It lasts 24 hours. Therefore, if you cast it right before taking a long rest (or even better, right before finishing a long rest, and yes you can do that by RAW), you get your spell slot back and you have free food and healing for the entire next day.

Just ask my players, they do it every single day.

The spell is great in very common circumstances.

In my opinion, it desperately needs a nerf.

The player has an unused 1st level spell slot before resting to use on Goodberry? That they wouldn't rather use during the course of the day for a much more useful spell? If so, I say more power to them.

Wouldn't the party rather spend a wee bit of money or make some foraging rolls over wasting a possibly life saving spell on food?

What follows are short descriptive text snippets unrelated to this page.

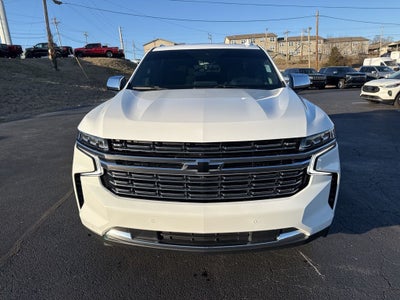 2023 Chevrolet Tahoe 4WD Premier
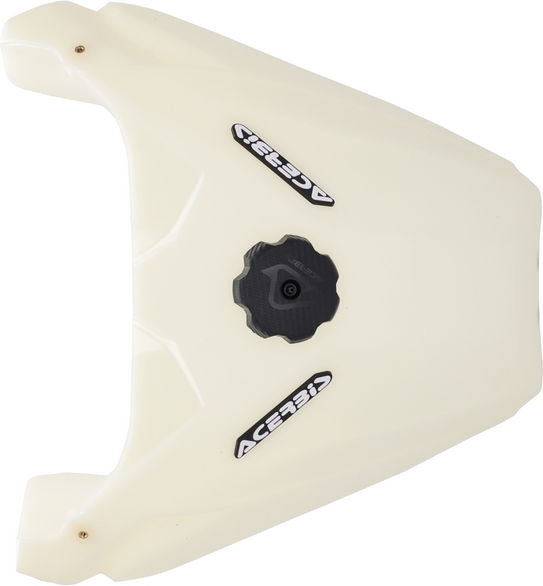 FUEL TANKS 23L, CLEAR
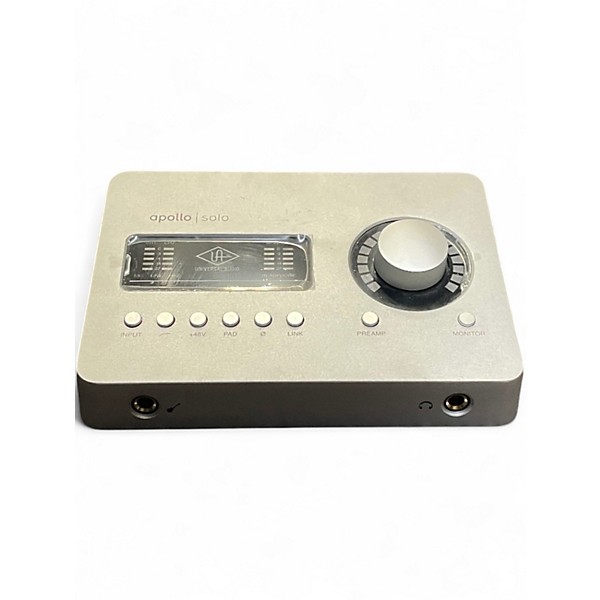 Used Universal Audio Apollo Solo Audio Interface
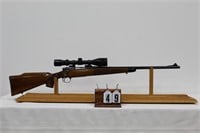 Remington 700 BDL 243 Rifle w/scope #6243653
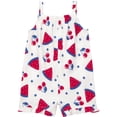 thumbnail image 2 of Carter's Child of Mine Toddler Girl Dress, Sizes 12M-5T, 2 of 5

They wouldn't rather the Druid prepare Jump or Thunderwave or Entangle or whatever in Goodberry's place?

What level are you guys? If it's to the point where they are really powerful is it really a problem? D&D in general has always had spells that negate common/minor issues easily after a certain point.

Unless your main game obstacle is a never ending famine, I don't see the trouble.

Nerfing wise, I'd say just knock down the time the Goodberry's last to 12 hours or 1 hour if it's a real issue in your game.

Or just enforce a general "If you cast anything other than a cantrip, your rest is negated. See you in 8 more hours" rule.

Or just tell them their characters are getting the embarrassing fruit squirts from a permanent berry overdose.